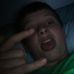 Profile Picture of Jacob Mcguire (@jacob.mcguire.52090) on Facebook
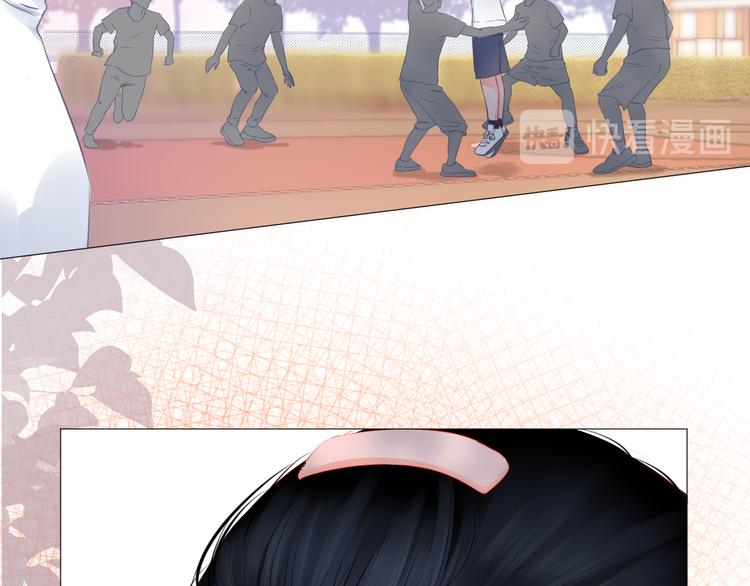 第7话 会是他吗？(1/3)-第8话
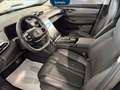 Dongfeng Mage 1.5 t E2 320T dct Schwarz - thumbnail 7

────────

Task brief - Please print the line that contains "第7话 会是他吗？(1/3)-第8话" along with every later line of the material, exactly, through the last one. Leave pictures out of the copy.

Exercise answer -
 第7话 会是他吗？(1/3)-第8话
 Dongfeng Mage 1.5 t E2 320T dct Schwarz - thumbnail 7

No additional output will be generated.